A colleague and I recently got into a conversation/disagreement regarding permutation testing (e.g. for comparing the mean value of two populations). While i thought i had a fairly good understanding of it, the fact that i cannot convince him (or him me) makes me think that i am missing a few things. Maybe someone here could provide key insights or links that my colleague and i could go through in order to come to a common understanding.

Background/context

Let us assume we have two populations $X_1$ and $X_2$ with means $\mu_1$ and $\mu_2$, respectively. We want to perform permutation testing to check whether their respective mean values are equal or not. The null hypothesis $\mathcal{H}_0$ in this case is that $ \mu_1 = \mu_2 $.
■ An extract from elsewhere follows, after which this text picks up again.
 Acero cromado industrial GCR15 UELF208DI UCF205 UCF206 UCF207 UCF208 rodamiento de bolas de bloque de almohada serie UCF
Following the traditional permutation process, we:

Calculate the point-estimate of the empiric means difference $\hat{t}_\mu = \hat{\mu}_1 - \hat{\mu}_2$.
For a (preferably large) number of times, we $(i)$ shuffle/randomize samples across populations, $(ii)$ compute the mean difference between the shuffled populations and $(iii)$ bin those values into an histogram, essentially approximating the distribution of $t_\mu$ (the difference of the means) under the assumption that $\mathcal{H}_0$ is true.
Check what is the probability of observing $\hat{t}_\mu$ under $\mathcal{H}_0$ from the distribution obtained from 2, which is our p-value $p$ based on which we will reject or not $\mathcal{H}_0$ for the data at hand.

Point of disagreement

The point of disagreement arises in Step 2.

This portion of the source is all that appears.